I've done a back up and restore, a back up and complete restore and a back up and re-install of the IOS 7. I can turn off ALL apps, put the phone in my pocket locked, take maybe 4 or 5 calls, a few texts, an email or two and my phone is at 30% at noon after a full charge at 6 am.
I tried to search this topic but apparently either no one else is having the problem or I'm not find this by search parameters. 
Any help or advice is appreciated.
Thanks in advance.


----------



## joeten (Dec 4, 2008)

Hi did you try the tips here 5 tips to fix your iPhone and iPad battery life problems on iOS 7.1! | iMore
there are plenty of others here who have the issue https://discussions.apple.com/thread/5329381?start=45&tstart=0
and here https://discussions.apple.com/message/25158811 but they have some suggestions like turning of LTE.


----------



## stindi (Jun 21, 2009)

Apparently I have something that keeps getting loaded when I do a complete overhaul because it comes out the same. I've tried all the tips to conserve power but nothing seems to negate whatever is going on.
While I can turn off the apps that run, there are 88 processes running behind the scenes. I use SYS-Activity to monitor this. I'm at a loss on this one. I may just send it in and have them fix it... If they do that. LOL


----------



## joeten (Dec 4, 2008)

Did you check the 3g and lte it may be trying to connect to lte constantly.


----------



## stindi (Jun 21, 2009)

The battery life problem has been solved.
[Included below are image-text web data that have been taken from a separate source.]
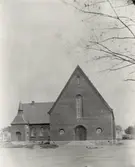 Nybro kyrka innan kyrktornet tillkom.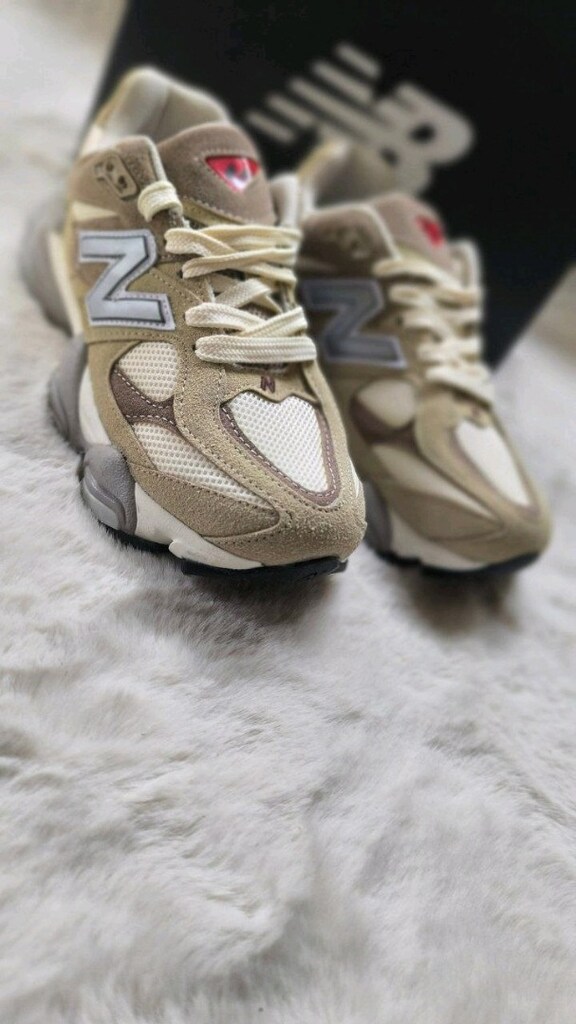 NEW BALANCE 9060 - 4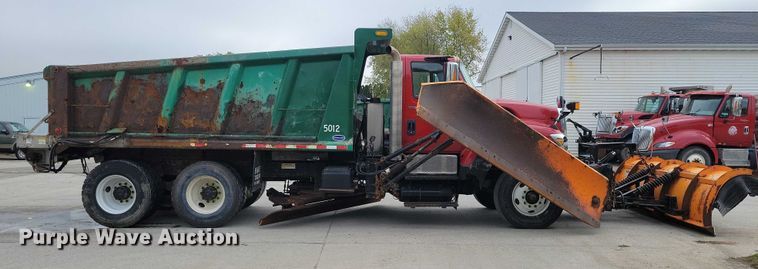 image for item DX6590 2012 International  Work Star 7600 dump truck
I have no idea if an app or something else caused it. I restored the phone as a new phone. I created a new iCloud account. Once the phone was set up and the new account was connected, I merged it with my old icloud account. Only contacts calendar reminders and tasks were reinstalled. 
I will now start reinstalling apps one at a time. We will see if one of those is the culprit.


----------



## joeten (Dec 4, 2008)

Good to hear


----------